Exercise details >> Reproduce only this stretch of the listing below: from the line with "Poslovni prostor /" through the line with "2024 Tax Season News and Survival Tips", exactly as written, with pictures excluded.
Start of Records provided
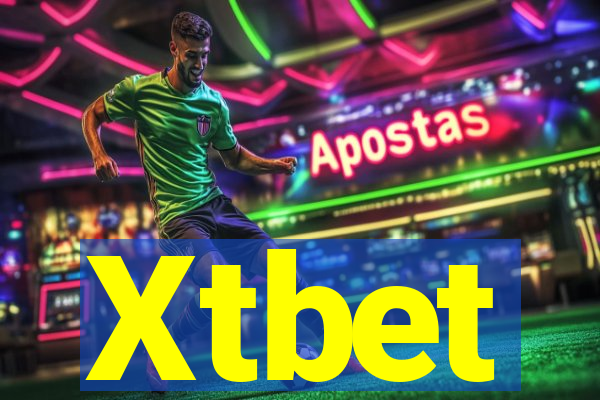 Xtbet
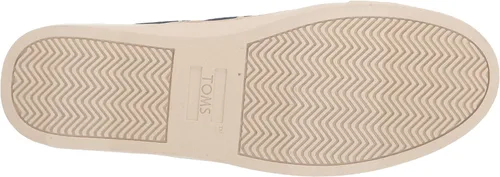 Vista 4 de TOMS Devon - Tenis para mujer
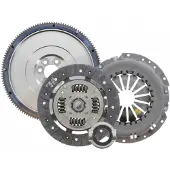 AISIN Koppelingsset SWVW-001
End of Records provided
Start of Records provided
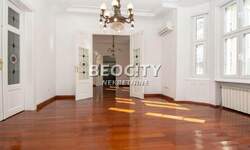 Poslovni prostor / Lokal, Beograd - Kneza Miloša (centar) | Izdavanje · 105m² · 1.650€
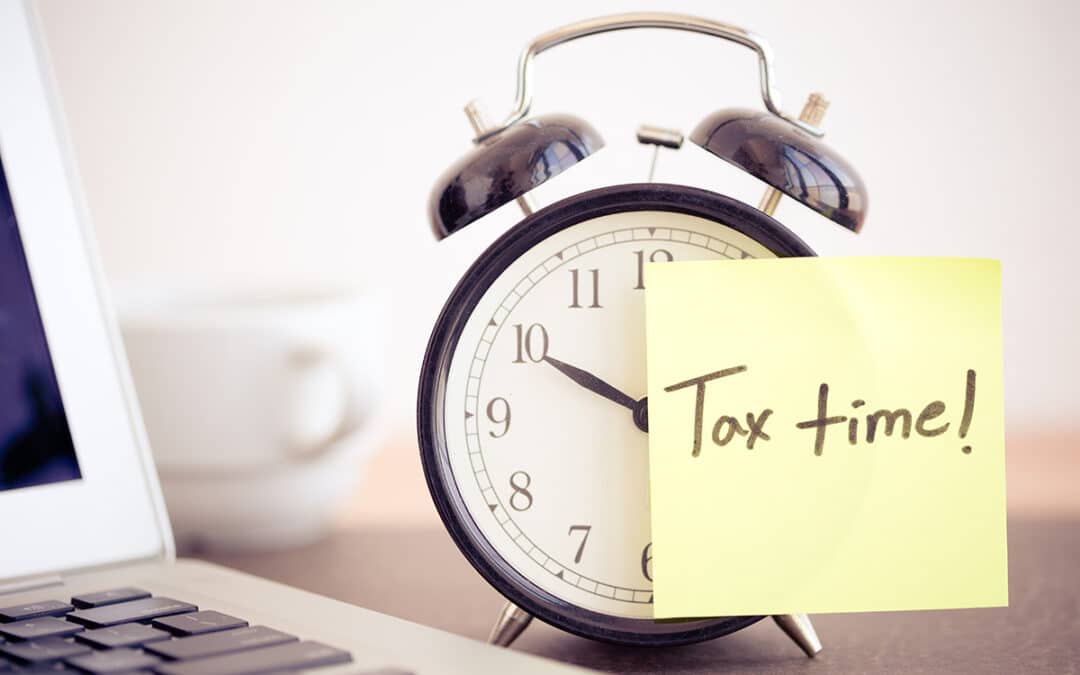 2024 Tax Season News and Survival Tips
End of Records provided
Start of Records provided
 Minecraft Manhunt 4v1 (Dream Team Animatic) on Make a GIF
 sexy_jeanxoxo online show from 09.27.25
End of Records provided
Expected answer >>
 Poslovni prostor / Lokal, Beograd - Kneza Miloša (centar) | Izdavanje · 105m² · 1.650€
 2024 Tax Season News and Survival Tips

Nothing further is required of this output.